London – Cross-border digital money transfer service WorldRemit aims to increase its customers fivefold to 10 million in 2020, with half of them in Africa, Chief Executive Ismail Ahmed said.
The London-based company enables its immigrant customer base to use digital financial remittances to bypass more expensive cash transfer options from the likes of Western Union (WU.N) and MoneyGram (MGI.O) to send money home to families and friends.
WorldRemit said on Thursday it aimed to achieve its aggressive growth target with $40 million in new funding from venture backers and after doubling revenue growth in the last two years, which has made it increasingly self-sufficient.
“The revenue we generate, the funding that we have received, together, gives us the war chest that we need to significantly expand our business,” Ahmed said in an interview. The Somaliland-born entrepreneur once worked as a United Nations adviser on money-laundering rules.
The funding round is led by emerging markets investor LeapFrog Investments, with backing from existing stakeholders Accel Partners and Technology Crossover Ventures (TCV). WorldRemit has raised $220 million since its founding in 2010.
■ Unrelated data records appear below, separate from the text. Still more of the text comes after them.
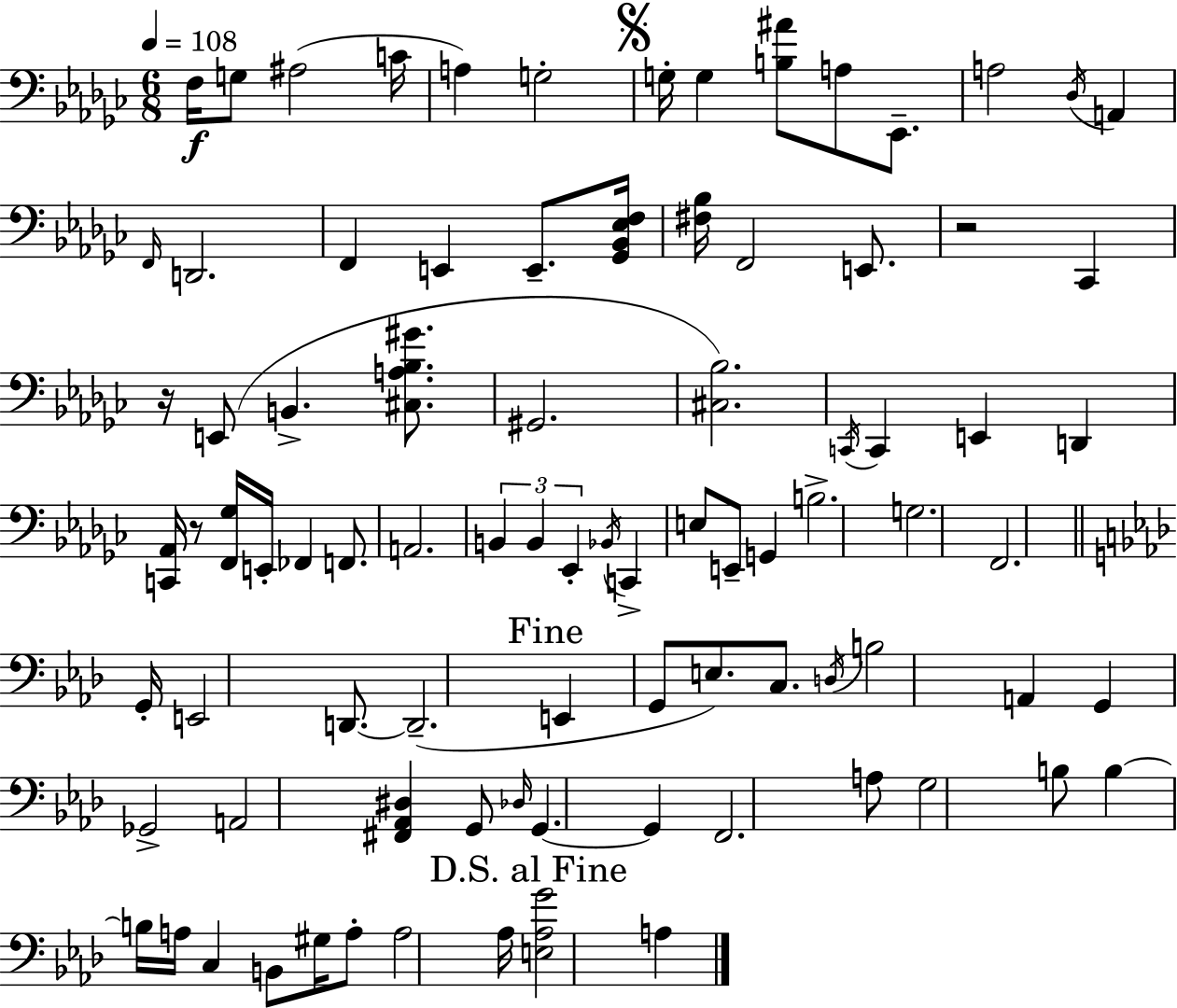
{
  \clef bass
  \numericTimeSignature
  \time 6/8
  \key ees \minor
  \tempo 4 = 108
  \repeat volta 2 { f16\f g8 ais2( c'16 | a4) g2-. | \mark \markup { \musicglyph "scripts.segno" } g16-. g4 <b ais'>8 a8 ees,8.-- | a2 \acciaccatura { des16 } a,4 | \break \grace { f,16 } d,2. | f,4 e,4 e,8.-- | <ges, bes, ees f>16 <fis bes>16 f,2 e,8. | r2 ces,4 | \break r16 e,8( b,4.-> <cis a bes gis'>8. | gis,2. | <cis bes>2.) | \acciaccatura { c,16 } c,4 e,4 d,4 | \break <c, aes,>16 r8 <f, ges>16 e,16-. fes,4 | f,8. a,2. | \tuplet 3/2 { b,4 b,4 ees,4-. } | \acciaccatura { bes,16 } c,4-> e8 e,8-- | \break g,4 b2.-> | g2. | f,2. | \bar "||" \break \key aes \major g,16-. e,2 d,8.~~ | d,2.--( | \mark "Fine" e,4 g,8 e8.) c8. | \acciaccatura { d16 } b2 a,4 | \break g,4 ges,2-> | a,2 <fis, aes, dis>4 | g,8 \grace { des16 } g,4.~~ g,4 | f,2. | \break a8 g2 | b8 b4~~ b16 a16 c4 | b,8 gis16 a8-. a2 | aes16 \mark "D.S. al Fine" <e aes g'>2 a4 | \break } \bar "|."
}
WorldRemit is set to generate around 60 million pounds this year, up from 40 million pounds in 2016 and 27 million pounds in 2015, the founder said. “The revenues we generate allow us to self-finance the business.”
Ahmed said its strategy is to enable intra-African money transfers, helping its 1 million customers on the continent avoid some of the world’s most prohibitive cross-border bank transfer costs. For example, small business traders in Kenya might source inventory from Uganda or online shoppers in South Africa might pay for goods in Nigeria.
The company also is counting on surging growth in the United States, where it expects to generate up to 40 percent of revenue in coming years, compared to 14 percent, he said. Britain and Australia are now its largest revenue generators, each contributing 20 percent of overall revenue.
WorldRemit will reinvest potential profits to fuel rapid expansion, Ahmed said. “We could be profitable even today, if we wanted to, but we are investing in growth.”
The company is reaching the crossover point where it can finance itself from cash flows, and is gearing up to go public in the next few years, he said.
“I think the business is mature. We have reached the stage where we could be a candidate for an IPO (initial public offering),” Ahmed said. “Not 2018. We haven’t put a date on it.”